Betrachtet man die Übereinstimmungen aller drei Synoptiker etwas näher, so fällt auf, dass das Markusevangelium immer in der Mitte zwischen dem Matthäus- und dem Lukasevangelium steht, das bedeutet: fast der gesamte Bestand des Markusevangeliums findet sich entweder im Matthäus- und im Lukasevangelium oder in einem von beiden: Das Matthäusevangelium bietet 90 % und das des Lukas 55 % des Markusstoffes.

Markinisches „Sondergut“

Statistische Betrachtung

Reihenfolge der Perikopen

Nur drei Perikopen (Mk 4,26–29 Das Gleichnis von der selbstwachsenden Saat; 7,31–37 Die Heilung eines Taubstummen; 8,22–26 Die Heilung des Blinden von Bethsaida) und drei kurze Texte (Mk 3,20 f. Jesu Verwandte halten ihn für verrückt; 9,49 Das Salzen mit Feuer; 14,51 f. Das Fliehen des Jünglings) finden sich in keinem von beiden.

Nach Versen gezählt bedeutet das: Von den 609 Versen des Markusevangeliums haben nur ca. 30 kein Äquivalent bei den beiden ► Seitenreferenten. Oder bezogen auf die Wörter: Von den 11 078 Wörtern des Markus begegnen bei Matthäus 8555, bei Lukas 6737. Nach einer etwas anderen Zählung der gemeinsamen Abschnitte benutzt Matthäus 7678 und Lukas 7040 Wörter von den 10 650 des Markusevangeliums, oder bezogen auf die Reihenfolge der Perikopen: Die Evangelien des Matthäus und Lukas stimmen in der Reihenfolge immer dann überein, wenn sie mit Markus übereinstimmen. Wenn sie von Markus in der Reihenfolge abweichen, stimmen sie auch untereinander nicht überein. Die Abweichungen beziehen sich im übrigen nur auf die erste Hälfte des Markusevangeliums, denn ab Mk 6,7 gibt es zwischen dem Evangelium des Matthäus, dem des Markus und dem des Lukas in der Reihenfolge praktisch keine Abweichungen. Zwar gibt es vor allem im Werk des Lukas erhebliche Auslassungen von Markus-Stoff (Mk 6,45–8,26 = sog. große Lücke) und auch große Einschübe (Lk 9,51–18,14 = sog. große Einschaltung, ohne Parallelen bei Markus oder Matthäus), aber diese Einschübe oder Auslassungen haben keine Umstellungen von Markus-Stoff zur Folge, wie man sich an den Perikopen-Übersichten in den Synopsen leicht verdeutlichen kann (vgl. z.
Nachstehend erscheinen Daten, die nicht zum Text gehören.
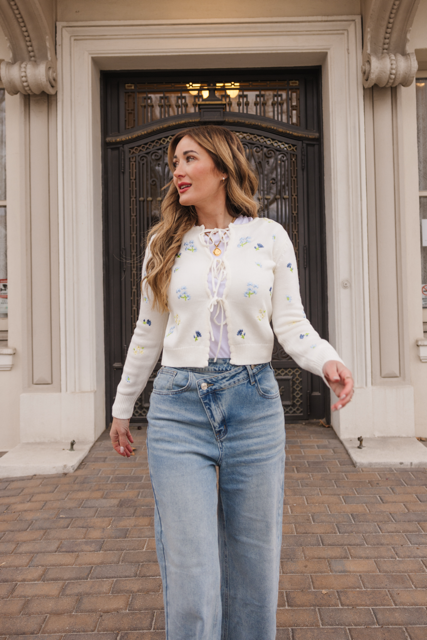 A woman with long brown hair walks on a paved path in front of an ornate building entrance, wearing the Ivy City Co Della Sweater in Cream and high-waisted blue jeans.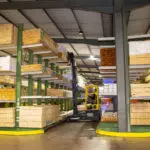 Combilift COMBI-MR4 multi-directional forklift reaching to grab lumber materials.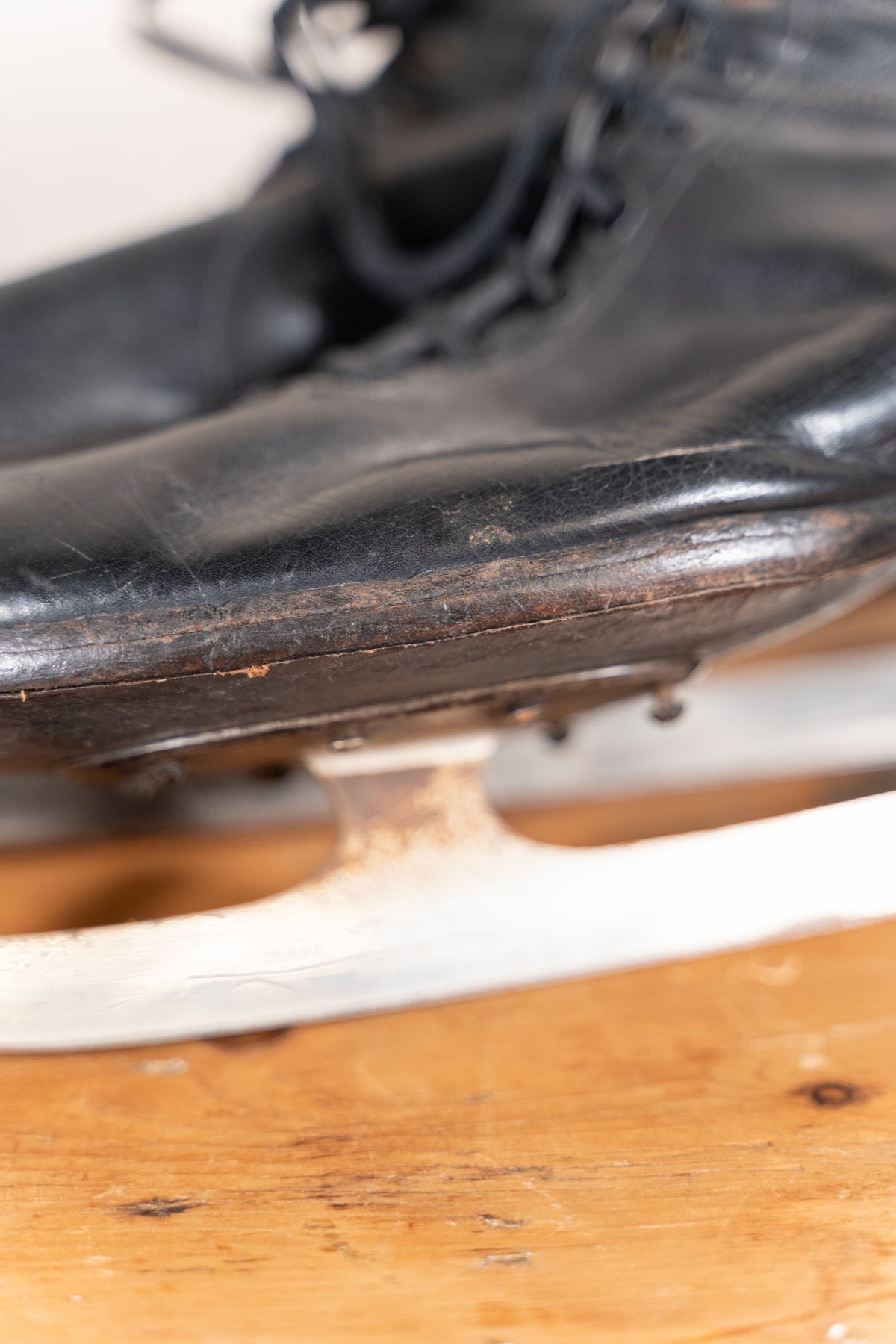 A close-up of a worn black leather ice skate boot with a metal blade resting on a wooden surface.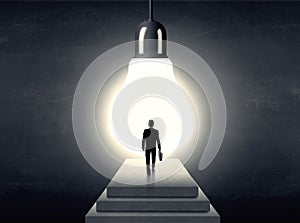 Man standing on a step in front of a huge light bulb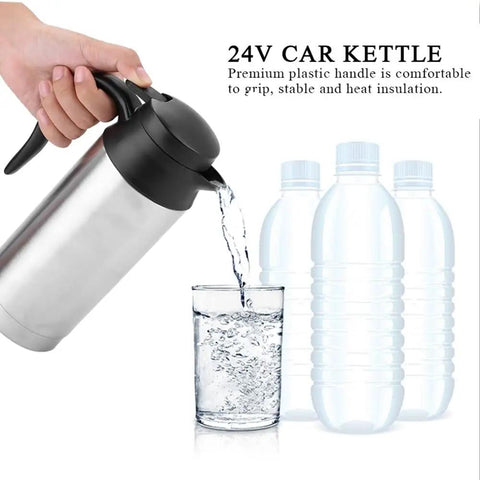 Boss Level 24v Electric Water Kettle For Truckers And Road Warriors 750ml pouring hot water into a glass with water bottles in background.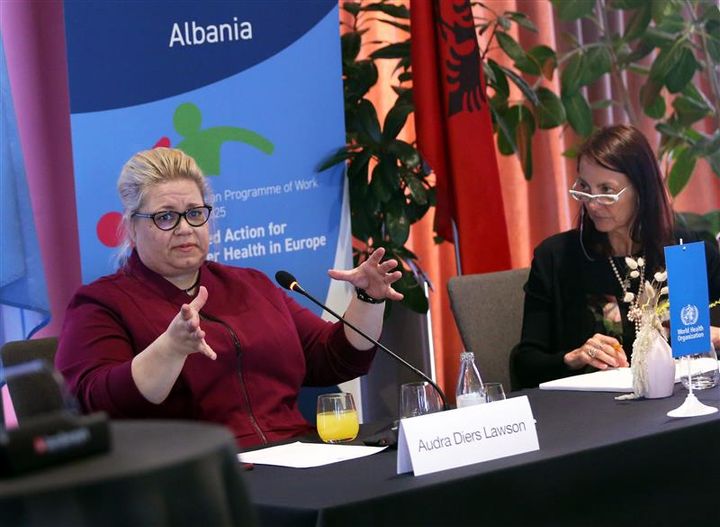 To personer sitter ved et bord med mikrofoner, foran et banner med teksten "Albania".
B. Vollständige Synopse der Evangelien, 303 ff.). Insgesamt weicht das Matthäusevangelium überhaupt nur in 12 Fällen von der Reihenfolge des Markus ab, und auch bei Lukas liegen nur ganz wenige Abweichungen von der Markus-Reihenfolge vor: Die Reihenfolge von Mk 3,7–12 und 3,13–19 ist bei Lukas vertauscht, die Berufung der Zwölf, die bei Markus auf den Sammelbericht von den Heilungen folgt, geht diesem bei Lukas voraus. Ebenso verfährt Lukas mit der Geschichte von Jesu Verwandten (Mk 3,31–34). Diese geht bei Lukas nicht wie bei Markus dem Gleichniskapitel (Mk 4,1–25) voran, sondern folgt diesem. In 4,41 hat Lukas Mk 1,34 und 3,11 f. miteinander verbunden. Bei den Perikopen Mk 1,16–20 (vgl. Lk 5,1–11) und 6,1–6 (vgl. Lk 4,16–30) dürfte es sich dagegen nicht um eine Änderung der Reihenfolge handeln, da Lukas hier einer anderen Tradition folgt.

 

Zwischen den drei synoptischen Evangelien gibt es zahlreiche Übereinstimmungen im Rahmen und in der Reihenfolge der Perikopen, in zahlreichen Perikopen finden sich auch wörtliche Übereinstimmungen von unterschiedlichem Umfang. Daneben gibt es auch eine ganze Reihe von Perikopen bei Matthäus und Lukas, in denen diese weitgehend wörtlich übereinstimmen, ohne dass zu diesen Perikopen eine Parallele bei Markus vorhanden wäre. Diesen doppelten Tatbestand gilt es zu erklären, wobei angesichts der großen Menge von wörtlichen Übereinstimmungen von vornherein mit schriftlichen Vorlagen zu rechnen ist. Allein mündliche Berichte können die zahlreichen wörtlichen Übereinstimmungen nicht erklären.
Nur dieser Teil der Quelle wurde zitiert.